The various brackets represent paired sites (in stems), whereas dashes, dots, underscores unpaired sites (in loops) in the molecule. Different types of brackets denote different types of intramolecular pairing between nucleotides (more here). Since I wanted to partition the rRNA data based on secondary structure (stems vs. loops) I needed to parse this output. My really simplistic way of doing this in an interactive terminal session follows.

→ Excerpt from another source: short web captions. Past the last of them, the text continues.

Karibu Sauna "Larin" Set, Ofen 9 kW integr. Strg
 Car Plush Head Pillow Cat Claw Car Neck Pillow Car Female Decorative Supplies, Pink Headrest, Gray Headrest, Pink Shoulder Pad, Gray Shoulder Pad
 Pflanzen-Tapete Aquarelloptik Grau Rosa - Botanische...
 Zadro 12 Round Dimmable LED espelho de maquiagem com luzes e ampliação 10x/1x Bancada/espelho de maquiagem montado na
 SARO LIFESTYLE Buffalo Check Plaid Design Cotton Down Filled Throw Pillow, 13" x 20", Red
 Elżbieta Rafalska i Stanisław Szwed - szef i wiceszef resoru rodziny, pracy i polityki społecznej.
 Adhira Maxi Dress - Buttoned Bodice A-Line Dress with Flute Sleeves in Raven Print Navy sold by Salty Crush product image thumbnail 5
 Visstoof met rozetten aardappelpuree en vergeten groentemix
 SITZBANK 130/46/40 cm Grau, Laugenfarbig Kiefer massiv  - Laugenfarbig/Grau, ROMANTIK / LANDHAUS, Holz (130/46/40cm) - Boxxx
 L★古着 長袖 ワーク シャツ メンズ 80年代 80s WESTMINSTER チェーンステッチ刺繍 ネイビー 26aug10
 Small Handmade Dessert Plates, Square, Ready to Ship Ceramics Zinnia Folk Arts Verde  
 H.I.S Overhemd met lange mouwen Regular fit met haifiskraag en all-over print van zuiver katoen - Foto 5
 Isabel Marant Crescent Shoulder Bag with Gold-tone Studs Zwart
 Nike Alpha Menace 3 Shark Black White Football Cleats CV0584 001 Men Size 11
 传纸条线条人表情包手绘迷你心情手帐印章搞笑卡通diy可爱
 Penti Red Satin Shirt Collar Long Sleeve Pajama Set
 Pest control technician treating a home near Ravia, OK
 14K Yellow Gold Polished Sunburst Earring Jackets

cat SS_cons | tr “[]{}()<>” “1” | tr “:.,~_” “2” | sed ‘s/-/2/g’ | sed ‘s/\(.\)/\1 \n/g’ | awk ‘{print NR “\t” “c”$0}’ > out

In this rather long oneliner I am replacing all the characters denoting paired sites with ”1” (first tr command) and all characters denoting unpaired sites with ”2” (second tr command). The first sed command is for the dashes (which for some reason are not replaced by tr). The second sed command I ripped off the internet and is to print a newline character after each character in the string. The awk command is to prepend a line number to each character and a ”c” before the number for partition assignment (I needed this for easier grep in the next step). Finally, I am redirecting output to a file. The first six lines of output from this messy oneliner looks like this:

1 c1

2 c1

3 c1

4 c1

5 c1

6 c2

 

So for each character in the alignment we have the position (first column) and the partition prefaced with a ”c” (second column). Now to find all the character positions that need to go in the paired partition I did:

grep “c1” out | cut -f 1 | tr “\n” “,” > paired_sites

In this command I grep all lines that have c1 (meaning first partition), then cut only the first column (discarding c1) and finally replacing the newline characters with a comma (tr command). The output is redirected to a file and ready paste in a RAxML-type partition file. Change the comma to a space for a Nexus-type partition. Rinse and repeat the last command for the characters in the second partition (unpaired sites).

And that’s it. I am sure there is a much simpler way of doing this. But it worked for me and I easily moved on to the more interesting part of my work. Building the phylogeny.